Saturday, January 18, 2014

Big Data, Predictive Algorithms and the Virtues of Transparency (Part One)



Transparency is a much-touted virtue of the internet age. Slogans such as the “democratisation of information” and “information wants to be free” trip lightly off the tongue of many commentators; classic quotes, like Brandeis’s “sunlight is the best disinfectant” are trotted out with predictable regularity. But why exactly is transparency virtuous? Should we aim for transparency in all endeavours? Over the next two posts, I look at four possible answers to that question.

The immediate context for this is the trend toward “big data” projects, and specifically the trend toward the use predictive algorithms by governmental agencies and corporations. Recent years have seen such institutions mine large swathes of personal data in an attempt to predict the future behaviour of citizens and customers.
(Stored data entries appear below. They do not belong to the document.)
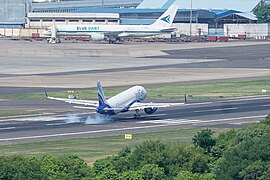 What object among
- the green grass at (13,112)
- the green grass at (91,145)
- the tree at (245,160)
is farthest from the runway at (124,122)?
the tree at (245,160)

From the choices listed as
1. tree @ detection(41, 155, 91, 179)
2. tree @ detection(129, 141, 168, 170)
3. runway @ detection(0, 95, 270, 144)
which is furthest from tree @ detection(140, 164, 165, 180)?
runway @ detection(0, 95, 270, 144)

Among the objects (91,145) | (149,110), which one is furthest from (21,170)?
(149,110)

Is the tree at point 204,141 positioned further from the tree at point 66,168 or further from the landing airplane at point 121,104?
the landing airplane at point 121,104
For example, in the U.S. (and elsewhere) the revenue service (IRS) uses data-mining algorithms to pool individuals for potential audits. These algorithms work on the basis that certain traits and behaviours make it more likely that an individual is understating income on a tax return.

There are laws in place covering the use of such data, but I’m not interested in those here; I’m interested in the moral and political question as to whether such use should be “transparent”. In other words, should an institution like the IRS be forced to disclose how their predictive algorithms work? To answer that question, I’m going to enlist the help of Tal Zarsky’s recent article “Transparent Predictions”, which appeared in last year’s University of Illinois Law Review.
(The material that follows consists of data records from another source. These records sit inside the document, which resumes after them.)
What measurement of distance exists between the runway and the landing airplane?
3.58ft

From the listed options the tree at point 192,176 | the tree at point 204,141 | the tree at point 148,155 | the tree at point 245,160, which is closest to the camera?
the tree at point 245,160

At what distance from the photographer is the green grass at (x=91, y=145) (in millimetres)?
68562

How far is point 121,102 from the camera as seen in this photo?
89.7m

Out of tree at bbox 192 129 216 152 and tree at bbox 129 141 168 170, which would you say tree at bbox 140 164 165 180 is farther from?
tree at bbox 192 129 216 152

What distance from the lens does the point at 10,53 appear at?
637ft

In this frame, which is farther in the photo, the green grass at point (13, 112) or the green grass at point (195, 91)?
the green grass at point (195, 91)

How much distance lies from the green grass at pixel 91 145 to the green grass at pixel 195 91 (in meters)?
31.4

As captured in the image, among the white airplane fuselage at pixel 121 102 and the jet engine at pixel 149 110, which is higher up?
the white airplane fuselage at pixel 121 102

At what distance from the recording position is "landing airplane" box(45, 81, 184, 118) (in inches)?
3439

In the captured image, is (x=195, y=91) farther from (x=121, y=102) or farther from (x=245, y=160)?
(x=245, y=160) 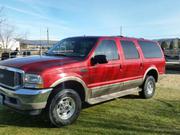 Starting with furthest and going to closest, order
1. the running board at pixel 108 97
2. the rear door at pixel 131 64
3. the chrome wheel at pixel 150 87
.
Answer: the chrome wheel at pixel 150 87, the rear door at pixel 131 64, the running board at pixel 108 97

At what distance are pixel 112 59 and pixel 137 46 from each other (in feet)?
4.94

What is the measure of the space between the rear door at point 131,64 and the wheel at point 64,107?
198 cm

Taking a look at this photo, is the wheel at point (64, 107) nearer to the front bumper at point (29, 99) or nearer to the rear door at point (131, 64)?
the front bumper at point (29, 99)

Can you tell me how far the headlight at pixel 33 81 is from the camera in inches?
181

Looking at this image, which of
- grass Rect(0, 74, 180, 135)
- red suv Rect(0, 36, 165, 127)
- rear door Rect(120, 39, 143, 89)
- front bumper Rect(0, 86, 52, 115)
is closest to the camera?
front bumper Rect(0, 86, 52, 115)

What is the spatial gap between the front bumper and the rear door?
273 centimetres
Zarsky’s article is a bit of sprawling mess (typical, I’m afraid, of many law journal articles). It covers the legal, political and moral background on this topic in a manner that is not always as analytically sharp as it could be. Nevertheless, there are some useful ideas buried within the article, and I will draw heavily upon them here.
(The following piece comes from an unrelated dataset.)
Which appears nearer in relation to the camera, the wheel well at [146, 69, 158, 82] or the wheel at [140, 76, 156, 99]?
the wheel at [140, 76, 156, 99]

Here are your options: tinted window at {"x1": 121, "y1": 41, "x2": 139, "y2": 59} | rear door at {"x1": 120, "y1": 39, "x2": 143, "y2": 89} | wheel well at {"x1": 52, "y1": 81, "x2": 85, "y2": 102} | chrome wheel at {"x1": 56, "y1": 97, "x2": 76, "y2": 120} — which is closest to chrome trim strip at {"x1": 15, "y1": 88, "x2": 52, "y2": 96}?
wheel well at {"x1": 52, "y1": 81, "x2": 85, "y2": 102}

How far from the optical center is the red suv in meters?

The remainder of this post is divided into two sections. The first looks at the nature of the predictive process and follows Zarsky in separating it out into three distinct stages. Each of those stages could raise different transparency issues. The second section then looks at the first of four possible justifications for transparency.

Note: the title of this post refers solely to the “virtues” of transparency. This is no accident: the series will deal specifically with the alleged virtues. There are, of course, alleged vices. I’ll address them at a later date.


1. Transparency and the Predictive Process
Take a predictive algorithm like the one used by IRS when targetting potential tax cheats. Such an algorithm will work by collecting various data points in a person’s financial transactions, analysing those data and then generating a prediction as to the likelihood that the said individual is guilty of tax fraud. This prediction will then be used by human agents to select cases for auditing. The subsequent auditing process will determine whether or not the algorithm was correct in its predictions.

The process here is divided into three distinct stages, stages that will be shared by all data-mining and predictive programmes (such as those employed by other government agencies and corporations). They are:

Collection Stage: Data points/sets are collected, cleansed and warehoused. Decisions must be made as to which data points are relevant and will be collected.
Analytical Stage: The collected data is “mined”, analysed for rules and associations and then processed in order to generate some prediction.
Usage Stage: The prediction that has been generated is used to guide particular decisions. Strategies and protocols are developed for the effective use of the predictions.

For the time being, human agency is relevant to all three stages: humans programme the algorithms, deciding which data points/sets are to be used and how they are to be analysed, and humans make decisions about how the algorithmic predictions are to be leveraged. It is possible that, as technology develops, human agency will become less prominent in all three stages.

Transparency is also a factor at all three stages. Before we consider the specifics of transparency, we must consider some general issues. The most important of these is the question of to whom must the process be transparent? It could be the population as a whole, or some specific subset thereof. In general, the wider the scope of transparency, the more truly “transparent” the process it is. Nevertheless, sometimes the twin objectives of transparency and privacy (or some other important goal) dictate that a more partial or selective form of transparency is desirable.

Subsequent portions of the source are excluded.